_Your task_:
Repeat the listing verbatim. Drop any pictures.

_Source material_:
━━━━

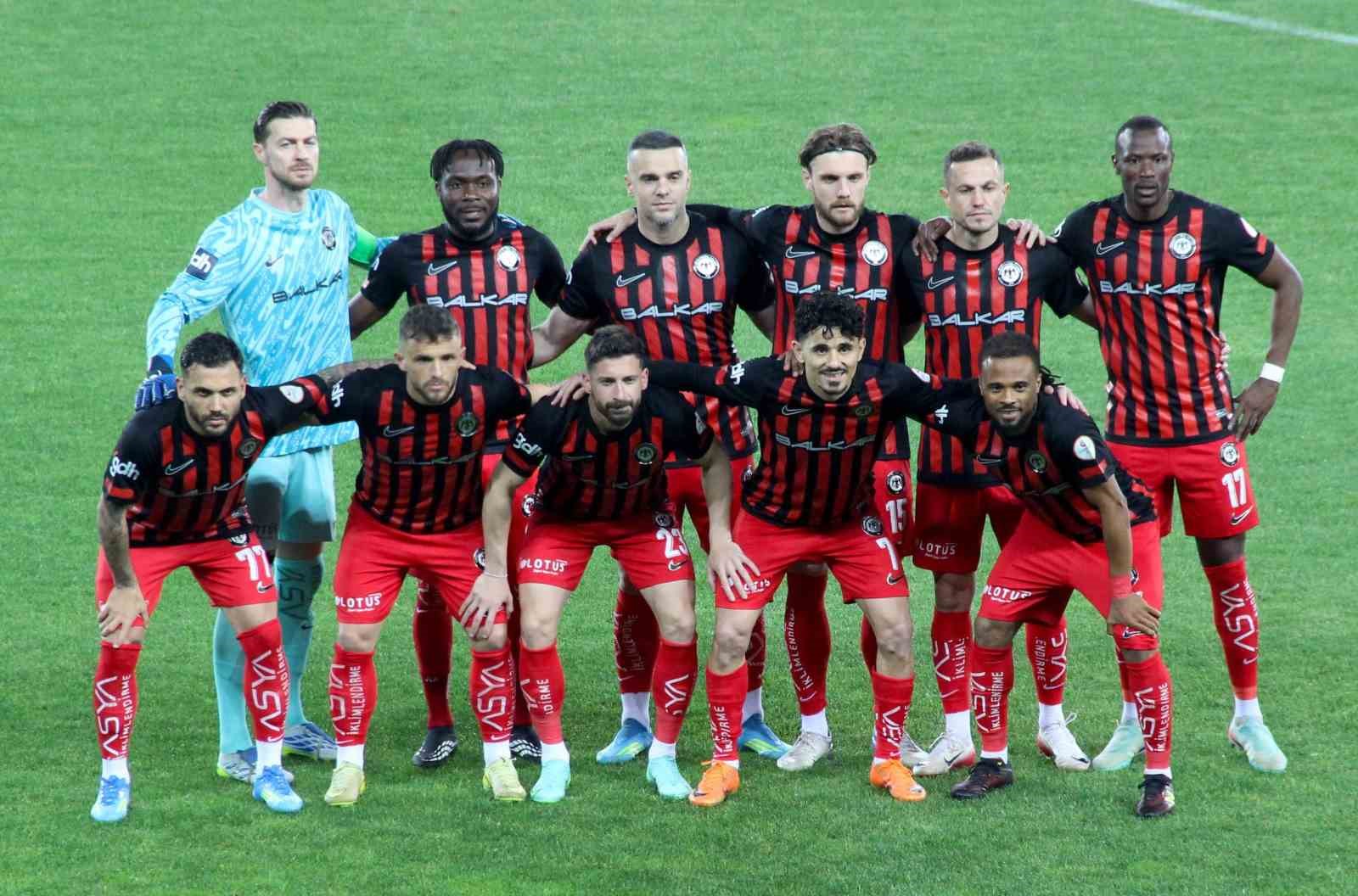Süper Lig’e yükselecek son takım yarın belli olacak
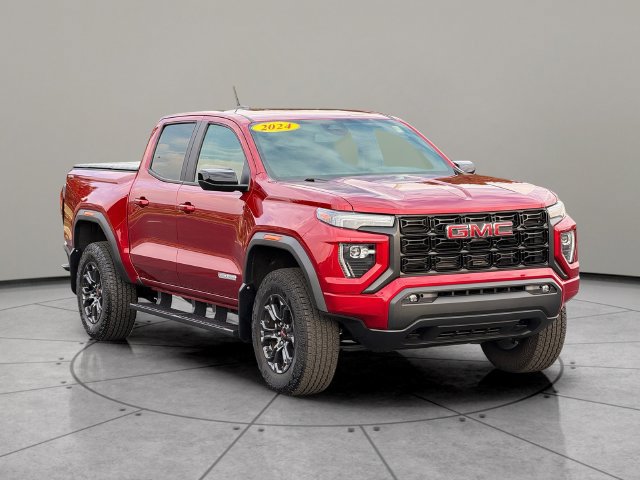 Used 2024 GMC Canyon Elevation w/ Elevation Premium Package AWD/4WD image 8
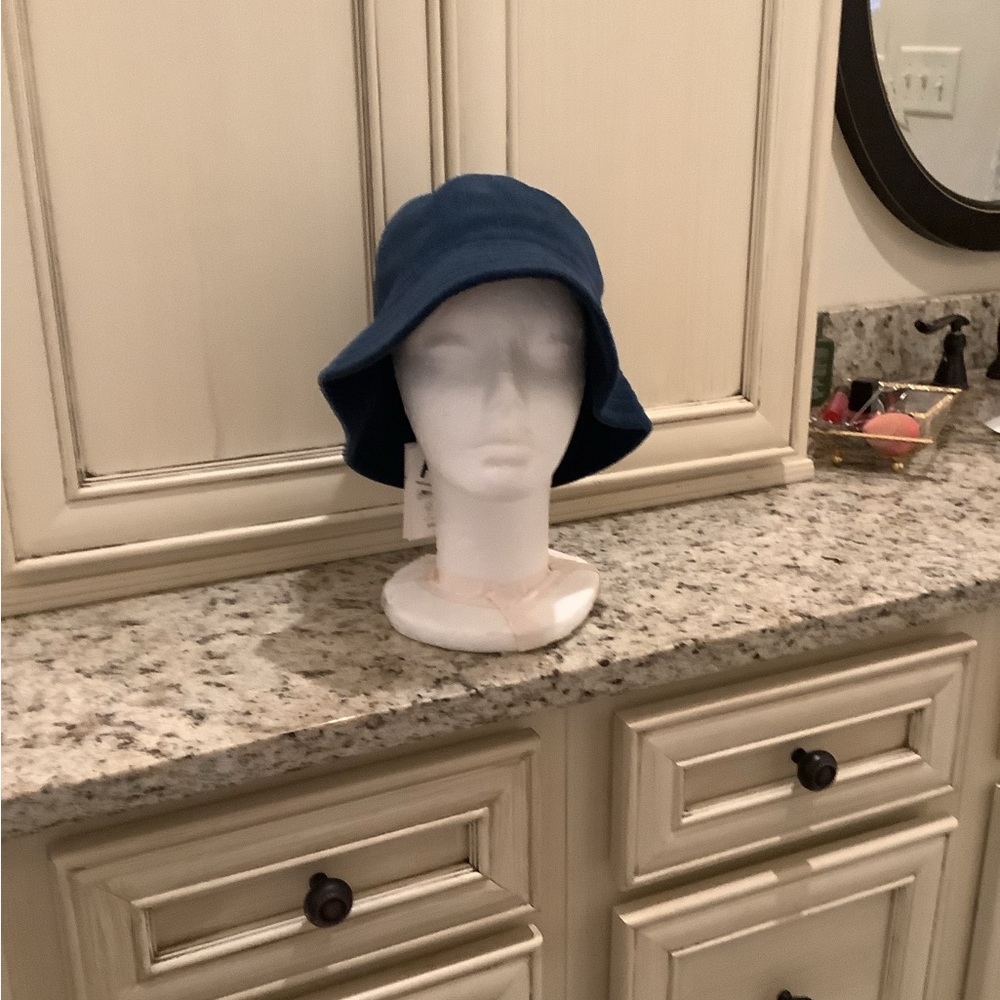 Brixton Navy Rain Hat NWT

━━━━

_Completed task_:
Süper Lig’e yükselecek son takım yarın belli olacak
 Used 2024 GMC Canyon Elevation w/ Elevation Premium Package AWD/4WD image 8
 Brixton Navy Rain Hat NWT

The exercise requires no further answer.